Correspondance de Voltaire/1773/Lettre 9000

9000. — À M. LE MARÉCHAL DUC DE RICHELIEU[1].
À Ferney, 15 décembre.

J’écris vite à mon héros comme je peux, avec mes yeux très-mal en ordre, pour lui dire qu’il n’est pas vrai que M. le baron d’Espagnac m’ait démenti[2] sur le service signalé que vous rendîtes le jour de Fontenoy ; au contraire, il dit précisément les mêmes choses que j’avais dites, et il vous rend la plus grande justice. Une bonne âme de Paris m’avait mandé que ce n’était pas vous qui aviez proposé les quatre canons, et que M. d’Espagnac en donnait la gloire à d’autres. M. d’Espagnac me fait l’honneur de m’envoyer son ouvrage, et je vois avec grand plaisir qu’il ne faut pas croire les tracassiers de votre bruyante ville, pleine de petites factions, de petits partis, de petites jalousies, de petits mensonges : tout cela passe, et la gloire reste.

Un M. Moline a été chargé de votre portrait dans la Galerie française ; il m’a envoyé sa besogne. Il n’importe quelle main vous peigne ; les traits sont ressemblants, et cela suffit.
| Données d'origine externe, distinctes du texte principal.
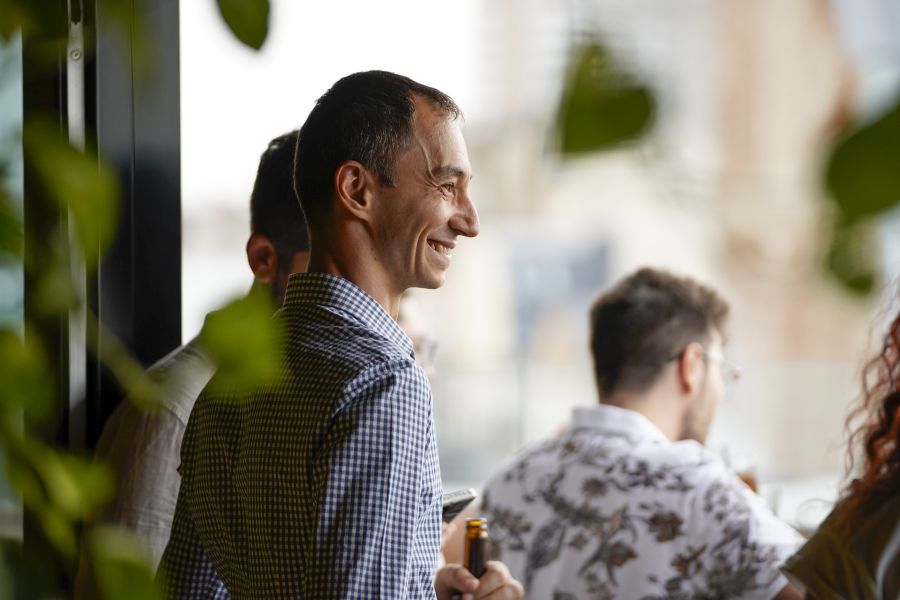 Ciprian Vlad of ZeroBounce smiling in a candid shot at a company team building event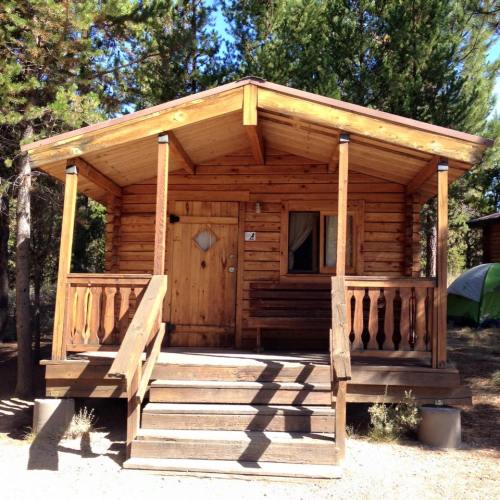 A wooden cabin with a porch and steps, surrounded by trees in a natural setting.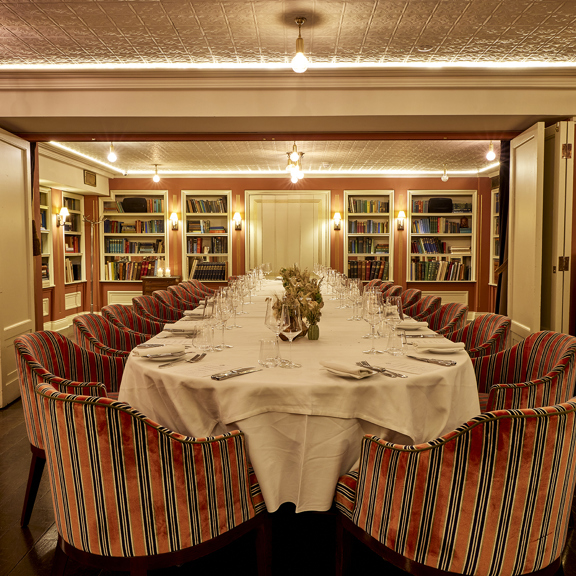 Elegant dining setup with crisp white tablecloths and ambient lighting at Bentley’s Oyster Bar, a renowned restaurant in Mayfair London.
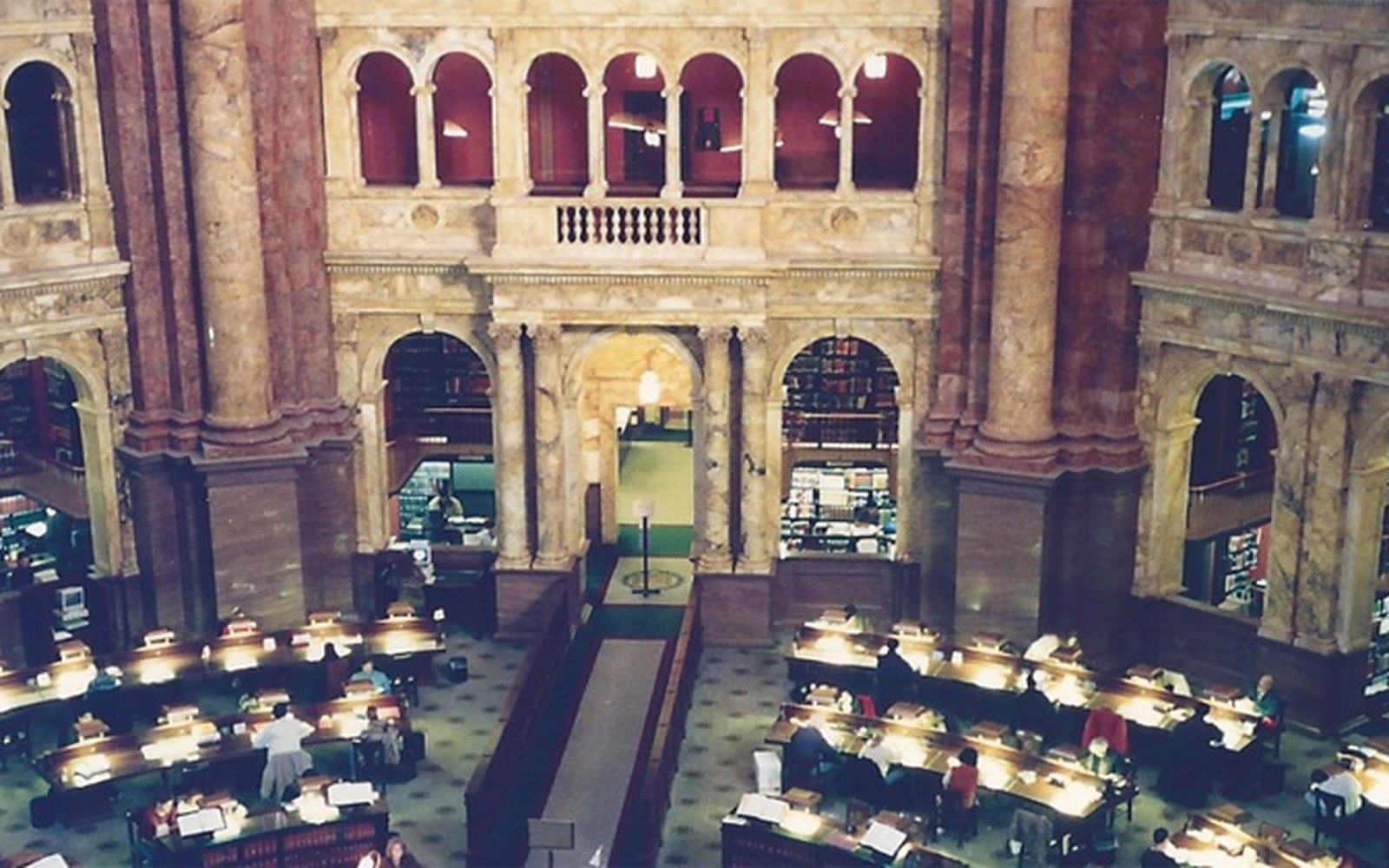 Readers sit at desks beneath ornate marble arches in a grand library reading room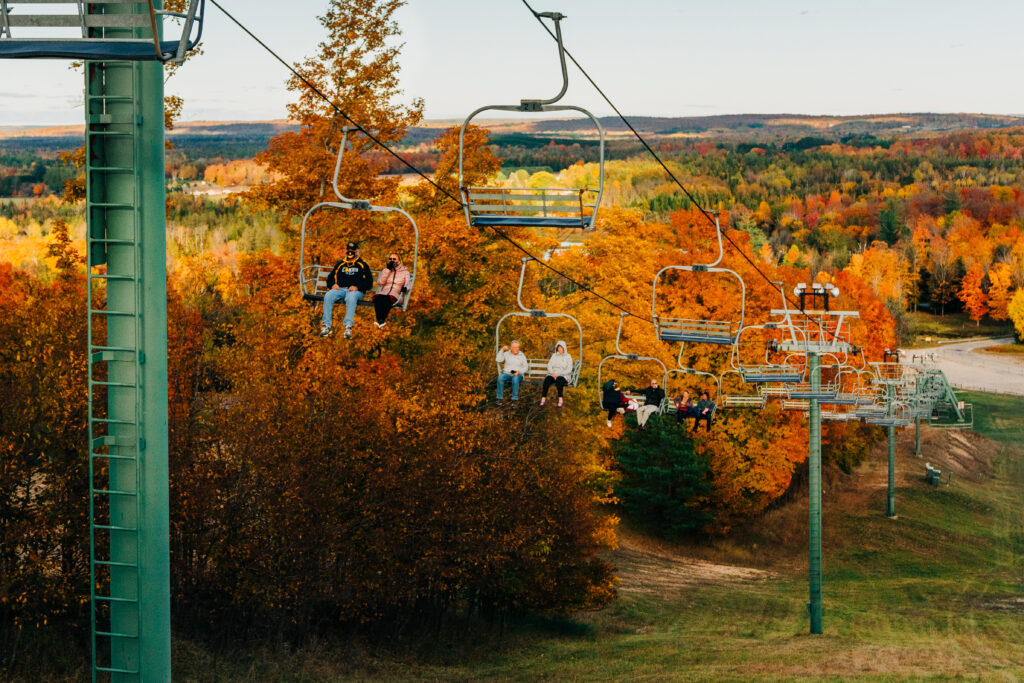 a ski lift at a ski resort during the fall advertising color tours
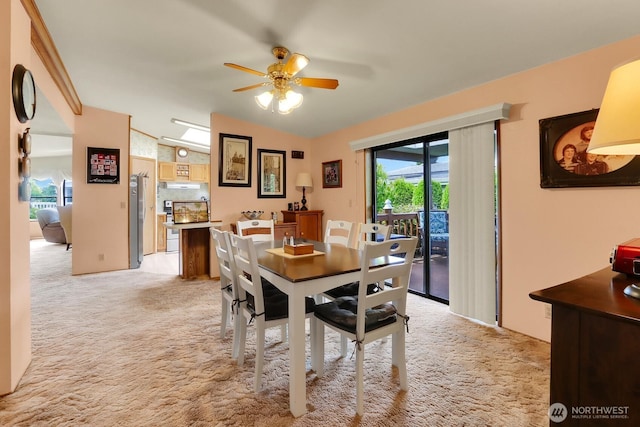 1427 100th St SW Unit 160, Everett, WA 98204 - dining room with light carpet, a ceiling fan, and lofted ceiling
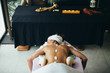 © Javier Pardina/Stocksy - Woman treatment at spa center.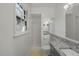 Bright bathroom featuring a tiled shower, granite countertop vanity, and a window providing natural light at 5523 Newberry Dr, Raleigh, NC 27609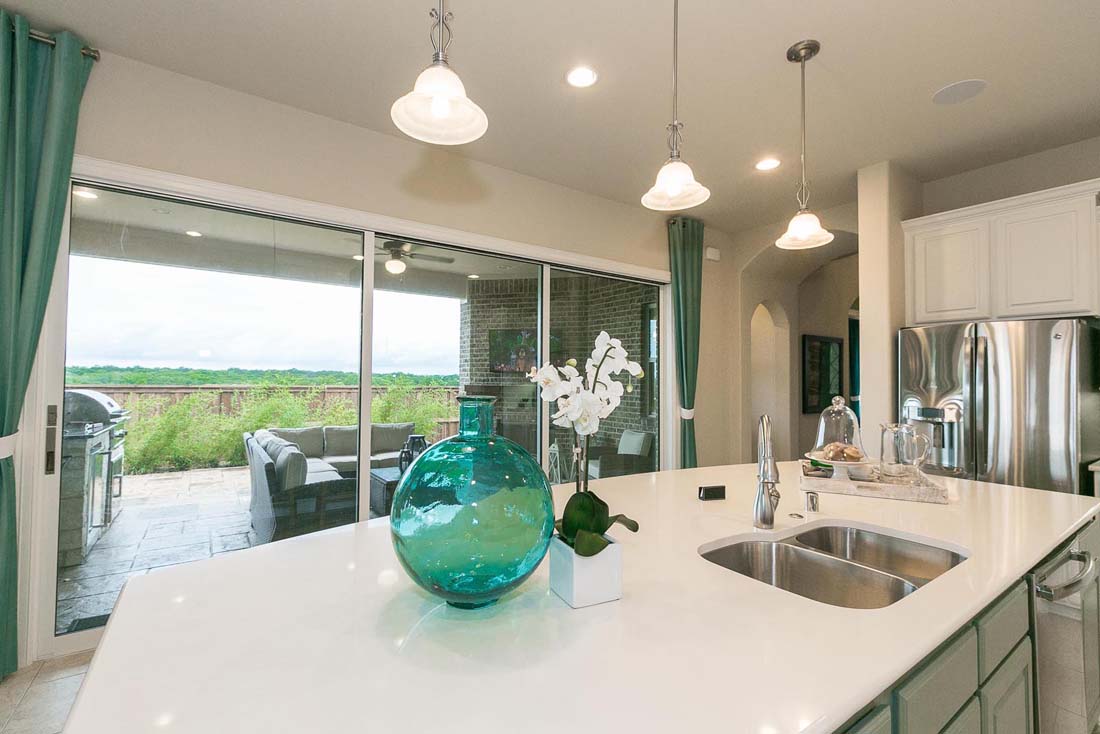 Sliding doors lead to patio in Chesmar home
Quelle consolation ce sera pour moi d’aller à Bordeaux vous faire ma cour dans vos moments de loisir, de revenir dans mon trou sans passer par Paris, et de pouvoir dire : Je l’ai revu, celui qui fit tant d’honneur à la France !

Vivez, monseigneur, plus longtemps que votre devancier le duc d’Épernon, qui n’a jamais approché de vous.

V., qui a cent ans.

  1. Éditeurs, de Cayrol et François.
  2. Dans son Histoire de Maurice de Saxe.